Ora... Il polizziotto a sparato alla macchina che stava scappando, per puro destino a preso a quel ragazzo, che tragicamente è morto... Io penso che il poliziotto abbia fatto il suo lavoro, anche se è stato troppo eccessivo, sicuramente sarebbe stato meglio usare il cervello invece di agire a colpi di pistola...
Ora mi viene in mente che volendo la polizia non può neanche inseguire un auto, per non intralciare il traffico urbano... In america ed in inghilterra invece eccome se non li prendono a colpi di piombo...
Scusami tanto eh, ma stai parlando a vanvera, dovresti informarti accuratamente prima di trarre conclusioni... leggi qua e rifletti (tratto da
http://www.noipress.it/attualita/dettag ... NEWS=5752=):
“Non ho mirato a nessuno, non ho puntato nessuno”. L’agente della polizia stradale che ieri ha sparato il colpo mortale che ha ucciso Gabriele Sandri, in lacrime, si è giustificato così davanti al magistrato che lo interrogava.
“Ero almeno a duecento metri, come avrei potuto? Il primo colpo l’ho sparato in aria e il secondo m’è partito mentre correvo, accidenti a me. Adesso lo so, sono rovinato”.

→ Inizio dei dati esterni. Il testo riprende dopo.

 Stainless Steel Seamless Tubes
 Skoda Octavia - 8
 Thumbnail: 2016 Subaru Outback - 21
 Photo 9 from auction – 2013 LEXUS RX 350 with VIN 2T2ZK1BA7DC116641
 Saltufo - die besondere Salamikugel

Dodici anni di servizio, prima in Calabria, poi a Palermo, una carriera di lodi ed encomi che potrebbe finire bruciata in un attimo: “Avevo fatto tanto per riavvicinarmi alla mia famiglia, qui ad Arezzo... Così ho distrutto due famiglie, quella del ragazzo e la mia...”, ha aggiunto piangendo.
Dopo il primo colpo sparato in aria, secondo il regolamento, avrebbe dovuto rimettere nella fondina la pistola d’ordinanza. Ma lui non l’ha fatto.
Ergo, per tornare a quello che dicevi, il poliziotto (con una z), almeno secondo le sue dichiarazioni, non ha sparato alla macchina che stava scappando: prima di tutto perché non ce n'era motivo, e in secondo luogo perché una condotta del genere va contro le regole. E se non fosse andata così (visto che alcuni testimoni affermano che non è inciampato, ma che ha sparato di proposito) va aggiunta l'aggravante della volontarietà.
Per cui a me pare ci sia poco da discutere e da giustificare: è andato contro le regole e c'è scappato il morto.